This was published 4 years ago
Jenny Hocking: victor in a dogged pursuit of our missing history
For politically-minded Australians, some parts of the story of the dismissal of the Whitlam government in 1975 by then governor-general Sir John Kerr have been known by heart for decades. Gough Whitlam, again the Member for Werriwa after his sacking as prime minister, intoning "well may we say 'God save the Queen', because nothing will save the governor-general", is chief among them.

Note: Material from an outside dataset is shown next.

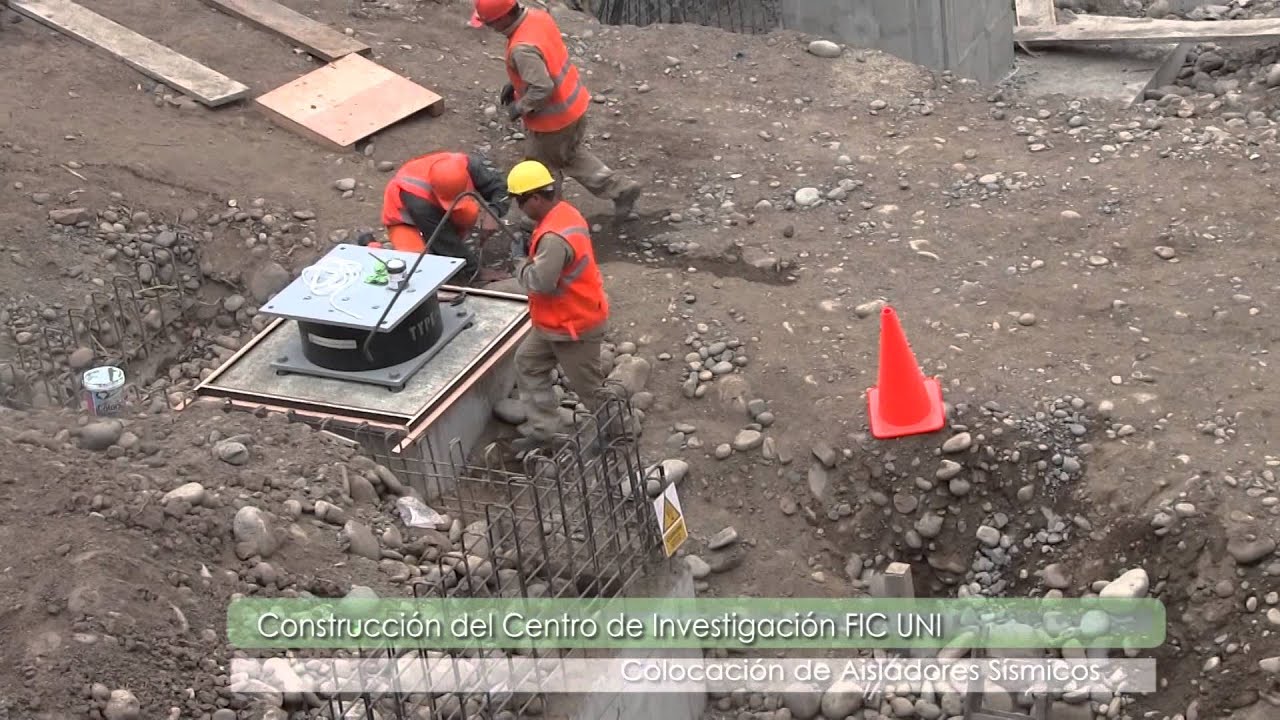 Aisladores Sísmicos en la construcción del Centro de Información FIC UNI    25 11 14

But others, like Sir John's discussions with former chief justice Sir Anthony Mason and this week's release of his private letters with Buckingham Palace, we only know thanks to the work of Professor Jennifer Hocking.
Who is she?
Hocking's family is not shy of a High Court battle. Her mother, Barbara Hocking, a barrister, made it her life's work to argue against the doctrine of terra nullius and represented Eddie Mabo early in his fight for land rights. Both Barbara and her husband, Fred, were Labor supporters and so when Hocking, then almost 21 and politically engaged, was told by a friend that Whitlam had been sacked, she found it "almost unbelievable".
She marched against Malcolm Fraser, who engineered Whitlam's defeat by blocking his government's cash flow in the Senate and succeeded him as prime minister, but did not rush into academic work on the subject. Instead, she studied terrorism before the September 11, 2001 attacks that made it the academic vogue. A biography of Whitlam's attorney-general, Lionel Murphy, more work on counter-terrorism and a study of leftist author Frank Hardy followed.
Eventually, Hocking was drawn back to Whitlam but the biography could have been derailed. Hocking wrote to Whitlam, then in his 80s, in the early 2000s asking for an interview. His handwritten reply, faxed back to her, languished on a Monash University fax machine for a week. "Somebody came to my door ... one day holding a piece of paper and said, 'Oh, Jenny, I think you probably want to look at this'," she recalls. "It had fallen down the back of the fax machine."
Frank Bongiorno, a history professor at the Australian National University, describes Hocking as "pro-Whitlam" for his contribution to Australian life and politics. While her two-volume book is not uncritical, Hocking, who is on the national committee of the Australian Republican Movement, says she admires Whitlam but is not "pro-Whitlam".
How did she get the palace letters?
Not easily. It has been a decade since Hocking first tried to get the letters, listed under the anodyne label "Record AA1984/609" in the National Archives and filed under "personal", meaning unlike most government files, they were not accessible 30 years after their creation.
A freedom of information request failed, as did an attempt to access photocopies of the original letters, also held by the archives. "I did nothing for several years," Hocking says. Prime minister Malcolm Turnbull's intervention in 2015 changed that when he let it be known he would try to persuade Buckingham Palace to rescind the veto it had placed (with dubious authority) over the letters' release before 2027 at the earliest. That triggered Hocking's approach to barrister Tom Brennan, who had argued Australia's own laws meant the letters had been misclassified. In other words, it wasn't up to Sir John and the Palace to set the terms for their release. They had, Brennan argued, been public records all along.
A raft of players eventually lined up to oppose Brennan's argument in court: the archives, the governor-general's office, the federal government and Buckingham Palace. On Hocking's side were Brennan, Gough's son, Antony Whitlam, QC, and then Bret Walker, SC, the barrister who won George Pell's appeal and is running the inquiry into the Ruby Princess debacle. All gave their time for free, as did law firm Corrs Chambers Westgarth.
Bongiorno says that while he thought the letters being kept secret was "preposterous", many historians thought Hocking's case was a "rank outside chance", given her opponents. "It says a lot for her courage and dogged persistence that she has been able to succeed," he adds.
The costs were still significant. If Hocking lost, she was up for $30,000 of the archives' legal costs from the Federal Court, which had ruled against her, plus another $60,000 for the High Court. But Hocking did not lose. Six judges of the High Court ruled in her favour.
Why do the letters matter?
Short of Queen Elizabeth sitting down for a tell-all interview, the letters held the last major pieces of missing information about the dismissal, the greatest convulsion in modern Australian democracy, and one that could happen again.
Their meaning is up for interpretation. In Hocking's view, they show a governor-general leaning on the Queen's private secretary for advice much more than he should have, getting reassurance on the steps he has taken before the dismissal, scholarly texts on his power to dismiss a government and suggestions he do so only for the right reasons, all with no warning to the prime minister. Others have taken a different view, focusing on the Queen's lack of explicit knowledge or approval of the dismissal and her secretary's words of caution. With a book, The Palace Letters, and a documentary on the way, Hocking will no doubt have more to say.